L’ombre de Mobutu et d’Etienne Tshisekedi
”Il faut s’attendre à un grand nettoyage dans les services de sécurité”, poursuit Bob Kabamba. “Il ne faut pas oublier que ces événements se produisent alors que le pays est en guerre à l’est, que l’état de siège est toujours décrété dans deux provinces et que des tensions sont palpables dans de nombreuses régions mais aussi dans tous les cercles politiques d’une majorité écrasante qui ne parvient pas à mettre sur pied ni le bureau de l’Assemblée nationale, ni le gouvernement. Ce qui s’est passé chez Vital Kamerhe peut-être vu comme une mise en garde. Comment expliquer que les mutins sont arrivés à la porte de la maison mais ne sont pas entrés. Étrange. Ce peut être regardé comme un message à tous les membres de la majorité. Désormais, vous suivez la musique sifflée par la présidence ou vous vous exposez à de sérieux soucis.”

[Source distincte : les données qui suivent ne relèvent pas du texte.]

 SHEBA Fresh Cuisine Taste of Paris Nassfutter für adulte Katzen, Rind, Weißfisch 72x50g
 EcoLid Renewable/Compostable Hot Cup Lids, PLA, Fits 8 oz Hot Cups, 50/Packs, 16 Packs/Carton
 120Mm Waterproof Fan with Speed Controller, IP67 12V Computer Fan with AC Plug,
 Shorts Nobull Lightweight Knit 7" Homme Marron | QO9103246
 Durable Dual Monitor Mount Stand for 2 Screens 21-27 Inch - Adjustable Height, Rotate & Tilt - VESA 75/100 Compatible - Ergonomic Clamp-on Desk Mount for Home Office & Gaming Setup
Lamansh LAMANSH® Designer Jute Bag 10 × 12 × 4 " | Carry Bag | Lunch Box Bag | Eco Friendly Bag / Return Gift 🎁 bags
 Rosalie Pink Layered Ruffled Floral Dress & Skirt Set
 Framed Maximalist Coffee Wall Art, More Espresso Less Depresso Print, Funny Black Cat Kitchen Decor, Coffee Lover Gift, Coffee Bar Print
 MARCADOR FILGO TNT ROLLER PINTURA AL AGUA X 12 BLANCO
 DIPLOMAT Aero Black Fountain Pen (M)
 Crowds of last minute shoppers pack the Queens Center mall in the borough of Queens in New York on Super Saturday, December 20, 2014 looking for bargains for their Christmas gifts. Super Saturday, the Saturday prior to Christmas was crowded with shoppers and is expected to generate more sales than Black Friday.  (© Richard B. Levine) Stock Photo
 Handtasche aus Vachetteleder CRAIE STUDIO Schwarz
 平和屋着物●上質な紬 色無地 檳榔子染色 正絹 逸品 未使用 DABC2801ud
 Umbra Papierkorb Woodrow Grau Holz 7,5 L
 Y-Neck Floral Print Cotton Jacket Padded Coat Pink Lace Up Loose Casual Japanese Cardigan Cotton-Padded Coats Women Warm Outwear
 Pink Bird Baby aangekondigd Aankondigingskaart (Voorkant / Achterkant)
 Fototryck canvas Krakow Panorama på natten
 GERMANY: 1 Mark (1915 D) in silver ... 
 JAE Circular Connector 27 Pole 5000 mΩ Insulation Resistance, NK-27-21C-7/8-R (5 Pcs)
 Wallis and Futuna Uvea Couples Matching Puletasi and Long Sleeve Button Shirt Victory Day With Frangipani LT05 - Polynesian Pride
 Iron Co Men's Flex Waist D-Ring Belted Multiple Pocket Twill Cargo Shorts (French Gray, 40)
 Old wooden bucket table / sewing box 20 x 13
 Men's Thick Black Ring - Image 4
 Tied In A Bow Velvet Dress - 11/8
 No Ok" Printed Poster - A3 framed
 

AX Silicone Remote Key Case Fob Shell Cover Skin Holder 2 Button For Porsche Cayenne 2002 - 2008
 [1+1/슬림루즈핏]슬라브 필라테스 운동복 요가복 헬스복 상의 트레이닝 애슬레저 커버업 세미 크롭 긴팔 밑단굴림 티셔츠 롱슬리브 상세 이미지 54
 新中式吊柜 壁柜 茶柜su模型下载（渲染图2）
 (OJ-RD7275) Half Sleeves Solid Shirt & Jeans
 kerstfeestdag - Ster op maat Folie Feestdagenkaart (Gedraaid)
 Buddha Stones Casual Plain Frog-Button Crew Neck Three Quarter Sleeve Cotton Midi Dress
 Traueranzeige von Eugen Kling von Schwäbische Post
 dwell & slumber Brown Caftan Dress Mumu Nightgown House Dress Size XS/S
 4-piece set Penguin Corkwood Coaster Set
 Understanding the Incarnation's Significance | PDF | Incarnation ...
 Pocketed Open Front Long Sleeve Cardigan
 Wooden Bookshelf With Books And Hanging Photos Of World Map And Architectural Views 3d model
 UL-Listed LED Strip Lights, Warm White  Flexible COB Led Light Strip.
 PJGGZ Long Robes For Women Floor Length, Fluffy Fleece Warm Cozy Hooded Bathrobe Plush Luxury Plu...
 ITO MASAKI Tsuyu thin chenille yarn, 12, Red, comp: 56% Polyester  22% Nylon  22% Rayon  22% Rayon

Ces événements, à la veille de la Pentecôte, rappellent aussi les martyrs de cette fête chrétienne. Quatre hommes politiques arrêtés le jour de la Pentecôte et condamnés à mort quelques jours plus tard pour avoir tenté de planifier le renversement du Maréchal Mobutu. Un certain Etienne Tshisekedi était alors ministre de l’Intérieur et un des plus farouches partisans de l’exécution de ces hommes malgré les appels à la clémence venus de Washington, Bruxelles ou Paris. »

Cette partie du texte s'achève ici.